Poi il numero dieci blaugrana aggiunge una frase sibillina che lascia intendere la sua richiesta di defenestrare Faus: ”il Barca è la migliore squadra del mondo e deve essere rappresentato da dirigenti migliori. Nè io nè il mio entourage abbiamo chiesto un miglioramento del contratto o un aumento di stipendio”. Tuttavia, il presidente, Sandro Rosell, ha lasciato intendere di voler fare di Messi il calciatore più pagato al mondo (oggi è Cristiano Ronaldo, con 17 milioni all’anno). Quindi, pur di tenersi stretto il 4 volte Pallone d’Oro, è disposto ad aumentargli l’attuale compenso di 15 milioni netti a stagione.

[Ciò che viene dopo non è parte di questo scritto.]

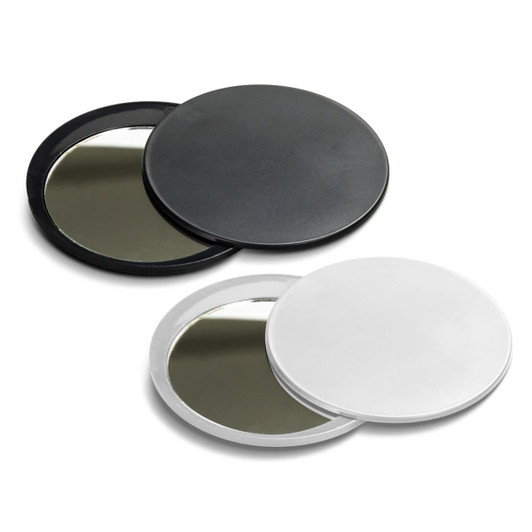 A set of two circular compact mirrors in black and white, each featuring a reflective surface.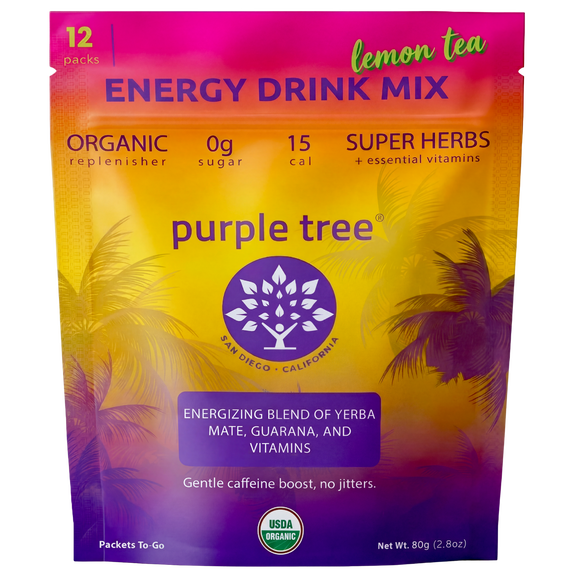 Purple Tree Organic Energy Booster Packets, Natural Caffeine, B12 Vitamins | 12 To-Go Packs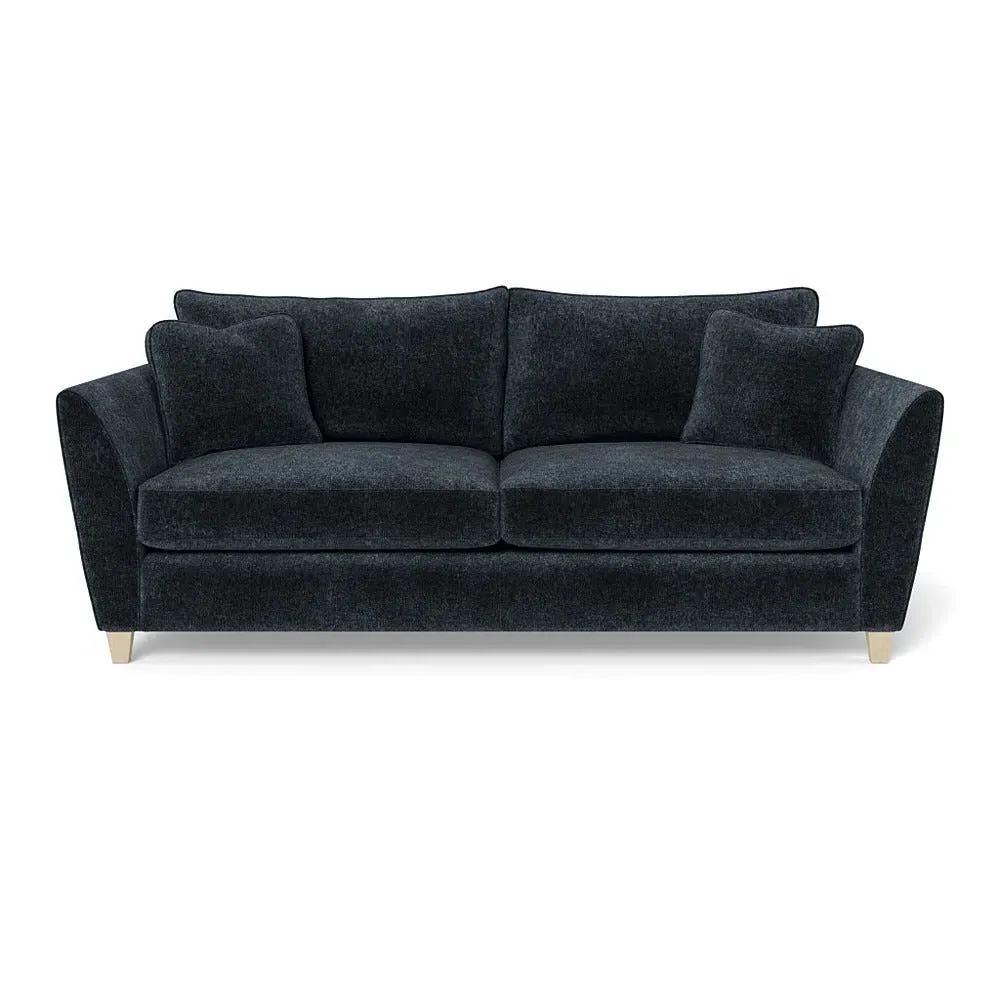 4-Seater Sofa with Sabre Arms - Blue, Boucle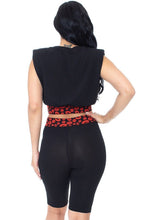 Black Shoulder Pad And Leopard Detailed Biker Women's Shorts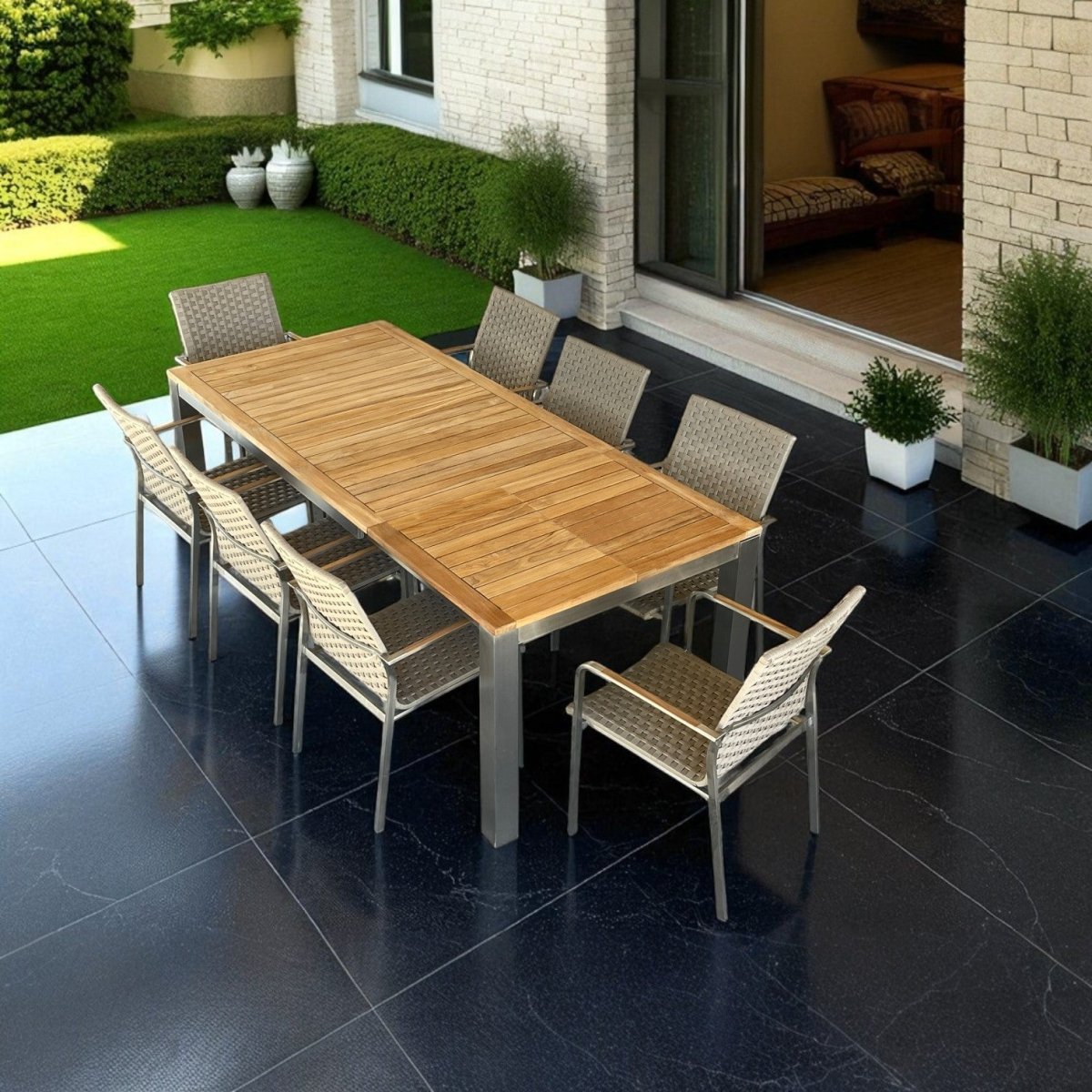 9 Pc Steel Teak Front Slide Extension Dining Set – Signature Table & Rover Rope Stacking Chairs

Messi è poi tornato sull’inchiesta della magistratura spagnola sul riciclaggio di narcodollari, per la quale era stato sentito una ventina di giorni fa dalla Guardia Civil. ”Mi dispiace molto per quello che dicono su mio padre e i miei amici, perché noi abbiamo sempre giocato partite al 100% benefiche”. La Pulce ha poi messo a tacere le voci secondo le quali starebbe pensando ad affidare i suoi interessi e il vertice della Fondazione Messi a un’altra persona. ”Sono profondamente legato alla mia famiglia”, ha affermato il fuoriclasse argentino, “e mio padre continuerà a presiedere la Fondazione. Io mi occupo solo di giocare e ora sono impegnato a recuperare bene l’infortunio”.